(INPUT MATERIAL)

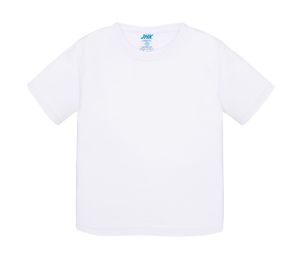 T-shirt personnalisable | Iceberg White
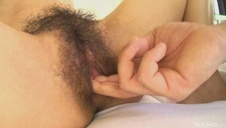 ocierają się piczkami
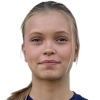 Leah Hellqvist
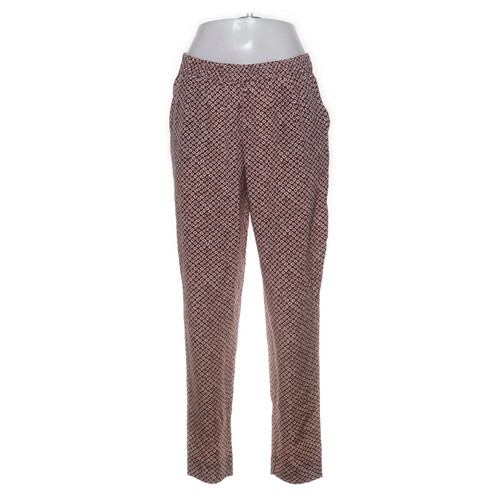 Lanius hose größe 40 - lanius,,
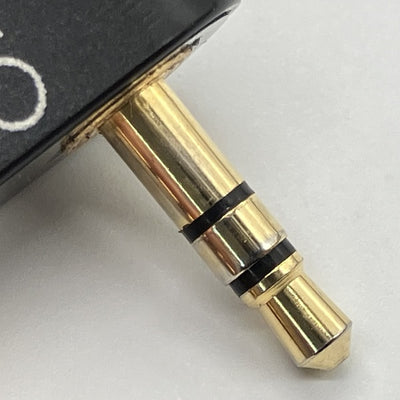 【中古】AK TO 4.4F (AKシリーズ対応4.4mm変換プラグ)【秋葉原】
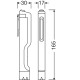 OSRAM ΛΑΜΠΑ ΧΕΙΡΟΣ LEDinspect® POCKET 110 ESSENTIAL OSRAM ΛΑΜΠΑ ΧΕΙΡΟΣ LEDinspect® POCKET 110 ESSENTIAL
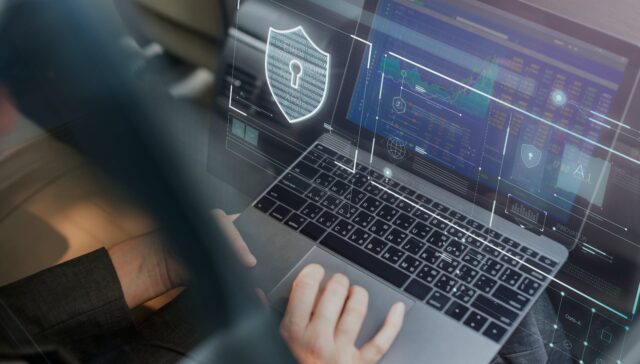 it-diensten rotterdam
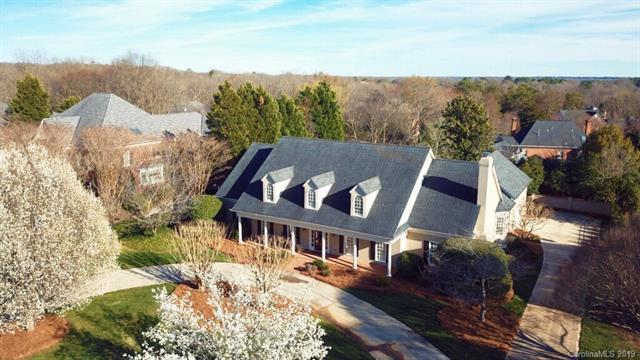 8231 Greencastle Drive - Photo 1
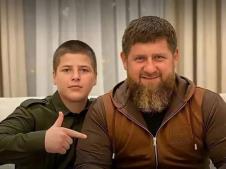 Ramzan Kadirov.jpg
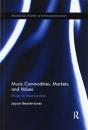 Music Commodities, Markets, And Values - Preview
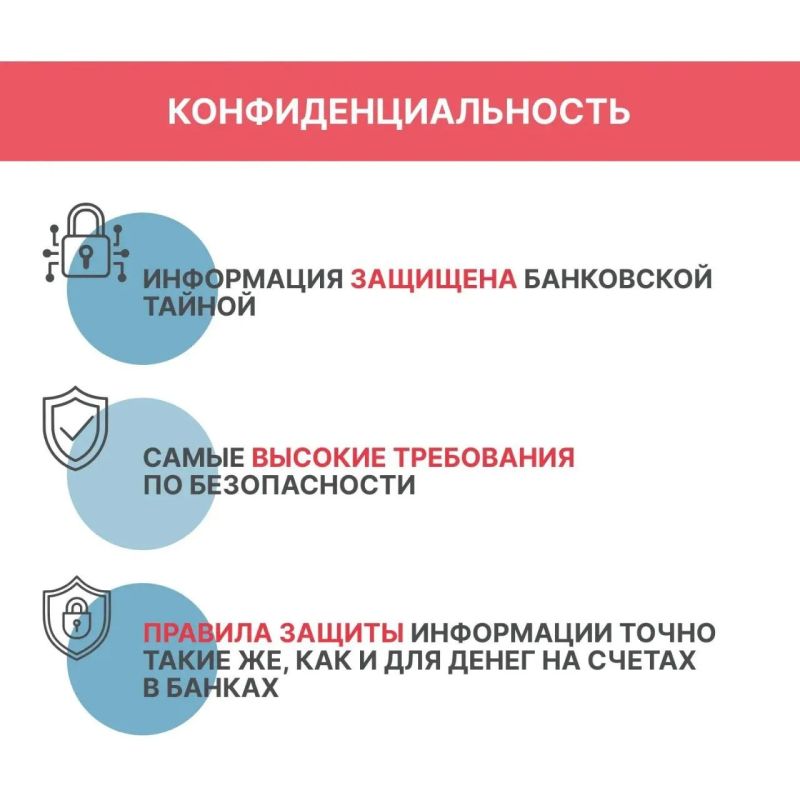 Цифровой рубль стартует в массовом формате уже 1 сентября Цифровой рубль стартует в массовом формате уже 1 сентября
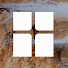 hXeFRQ3qsqY-channel-avatar-Northland Bible Baptist Church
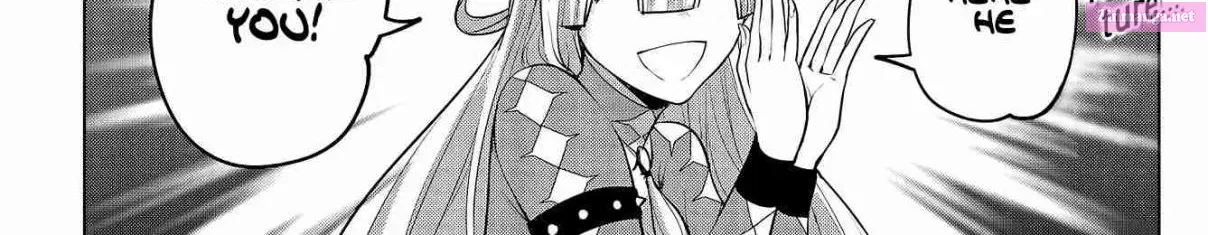Majo Taisen: 32-nin no Isai no Majo wa Koroshiau Zinmanga X Chapter 3 Page 86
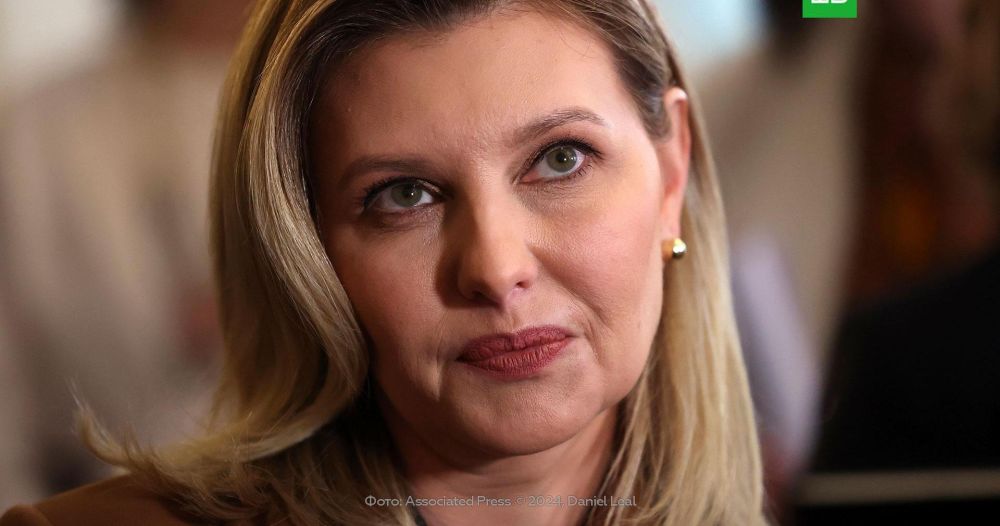 WP: ��������� ��������� ����������� �� ����������� ������� ����������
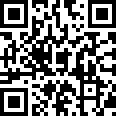 ЇұW(wng)֙C(j)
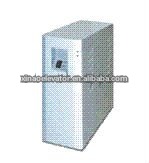 最高の価格! エレベーターws420a25s自動救助装置問屋・仕入れ・卸・卸売り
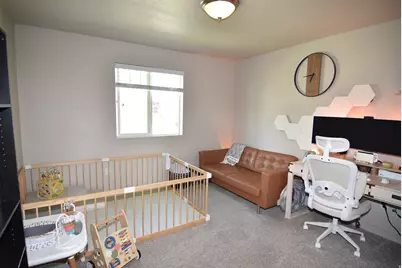 721 S 240 W, American Fork, UT 84003 - Photo 20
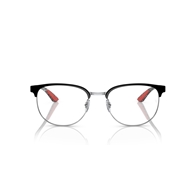 RAY-BAN  RX8422 - 2861
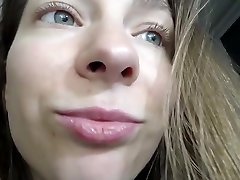 Horny adult clip diner molly craziest watch show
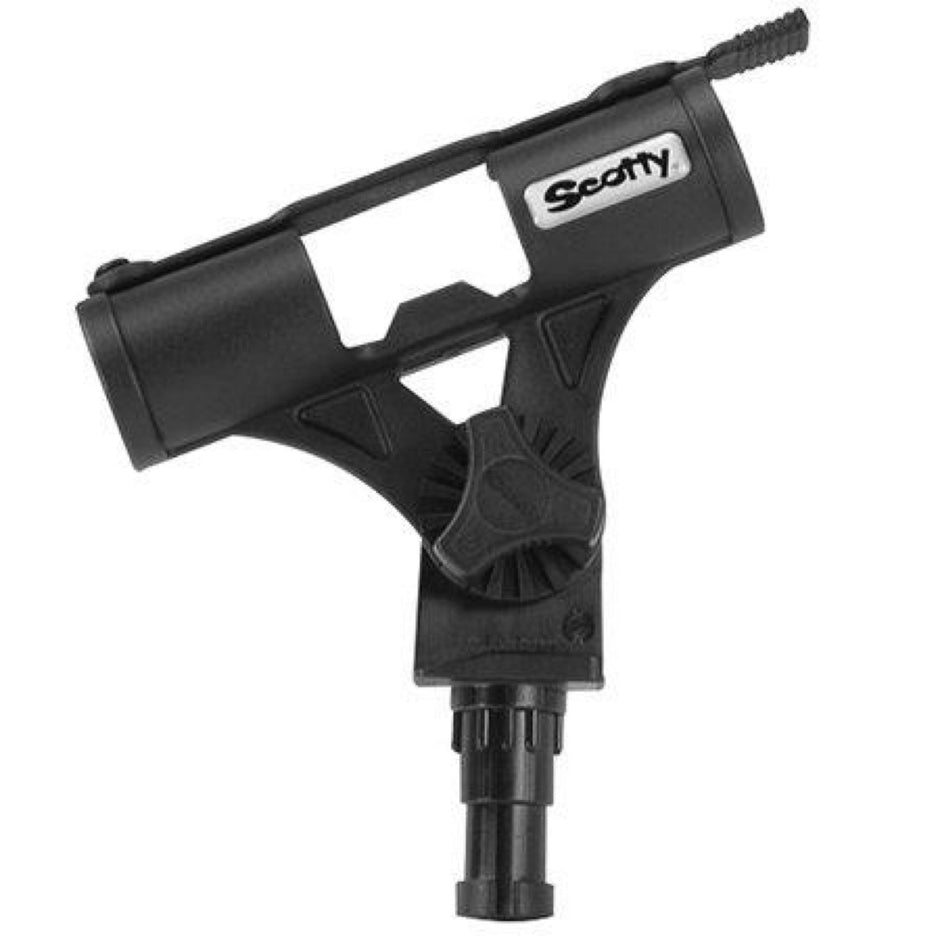 CP Scotty #260 Fly Rod Holder (No Mount)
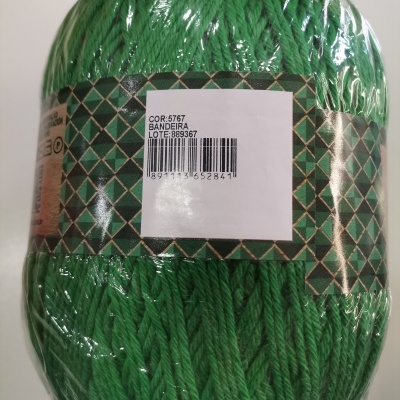 Barroco Maxcolor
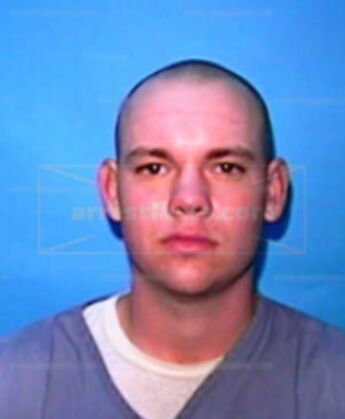 Wayne Johnson
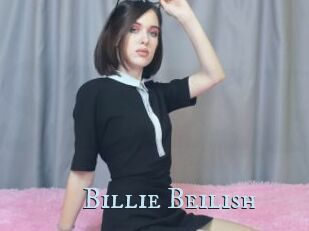 Billie_Beilish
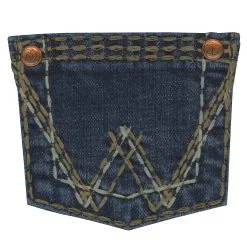 Girl's Wrangler Premium Patch Jean #09MWGHS -Men's Plaid Shirt Sales 7a8174520958010332f652d1647fc92f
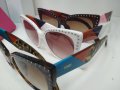 LOGO collection слънчеви очила , снимка 1 - Слънчеви и диоптрични очила - 26491987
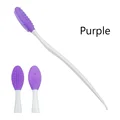 M251 MORADO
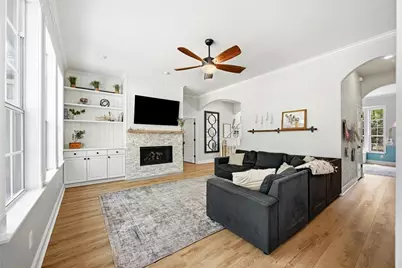 5505 SW 93rd Way, Gainesville, FL 32608 - Photo 23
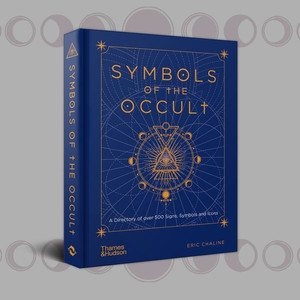 택포가/카드세트포함/500가지 기호와 상징 <SYMBOLS> 심볼사전,카드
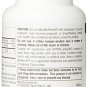Source Naturals - Bioperine Black Pepper Fruit Extract 10 mg. - 120 Tablets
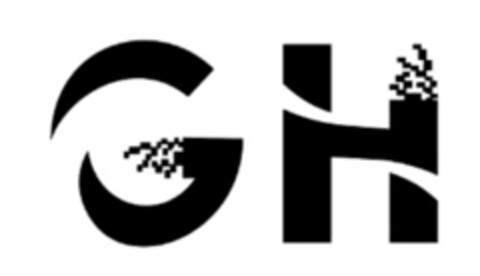 GH Logo (EUIPO, 12/23/2021)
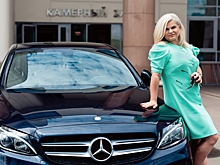 Руководителей Красноярской филармонии подозревают в хищениях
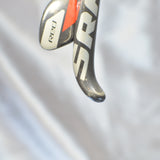 SRAM Red 10 Speed RIGHT/REAR DoubleTap Mechanical Shifter, 8/10 VG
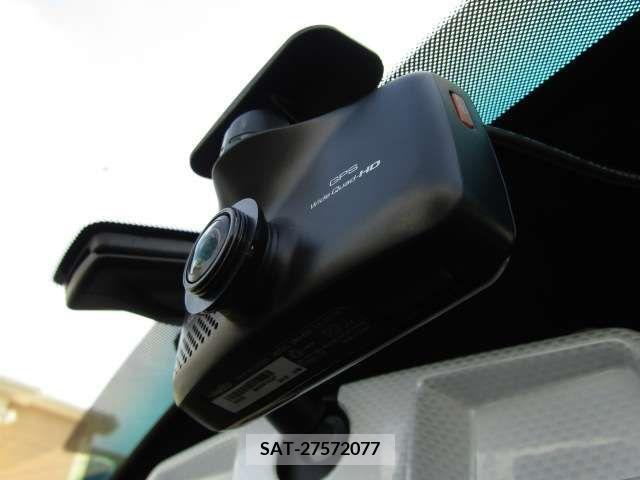 Toyota 86 2016-08 258586-16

(End INPUT MATERIAL)

*WORK TO BE COMPLETED*
The records above are to be restated exactly, without their pictures.

*SOLUTION*
 T-shirt personnalisable | Iceberg White
 ocierają się piczkami
 Leah Hellqvist
 Lanius hose größe 40 - lanius,,
 【中古】AK TO 4.4F (AKシリーズ対応4.4mm変換プラグ)【秋葉原】
 OSRAM ΛΑΜΠΑ ΧΕΙΡΟΣ LEDinspect® POCKET 110 ESSENTIAL OSRAM ΛΑΜΠΑ ΧΕΙΡΟΣ LEDinspect® POCKET 110 ESSENTIAL
 it-diensten rotterdam
 8231 Greencastle Drive - Photo 1
 Ramzan Kadirov.jpg
 Music Commodities, Markets, And Values - Preview
 Цифровой рубль стартует в массовом формате уже 1 сентября Цифровой рубль стартует в массовом формате уже 1 сентября
 hXeFRQ3qsqY-channel-avatar-Northland Bible Baptist Church
Majo Taisen: 32-nin no Isai no Majo wa Koroshiau Zinmanga X Chapter 3 Page 86
 WP: ��������� ��������� ����������� �� ����������� ������� ����������
 ЇұW(wng)֙C(j)
 最高の価格! エレベーターws420a25s自動救助装置問屋・仕入れ・卸・卸売り
 721 S 240 W, American Fork, UT 84003 - Photo 20
 RAY-BAN  RX8422 - 2861
 Horny adult clip diner molly craziest watch show
 CP Scotty #260 Fly Rod Holder (No Mount)
 Barroco Maxcolor
 Wayne Johnson
 Billie_Beilish
 Girl's Wrangler Premium Patch Jean #09MWGHS -Men's Plaid Shirt Sales 7a8174520958010332f652d1647fc92f
 LOGO collection слънчеви очила , снимка 1 - Слънчеви и диоптрични очила - 26491987
 M251 MORADO
 5505 SW 93rd Way, Gainesville, FL 32608 - Photo 23
 택포가/카드세트포함/500가지 기호와 상징 <SYMBOLS> 심볼사전,카드
Source Naturals - Bioperine Black Pepper Fruit Extract 10 mg. - 120 Tablets
 GH Logo (EUIPO, 12/23/2021)
 Руководителей Красноярской филармонии подозревают в хищениях
 SRAM Red 10 Speed RIGHT/REAR DoubleTap Mechanical Shifter, 8/10 VG
 Toyota 86 2016-08 258586-16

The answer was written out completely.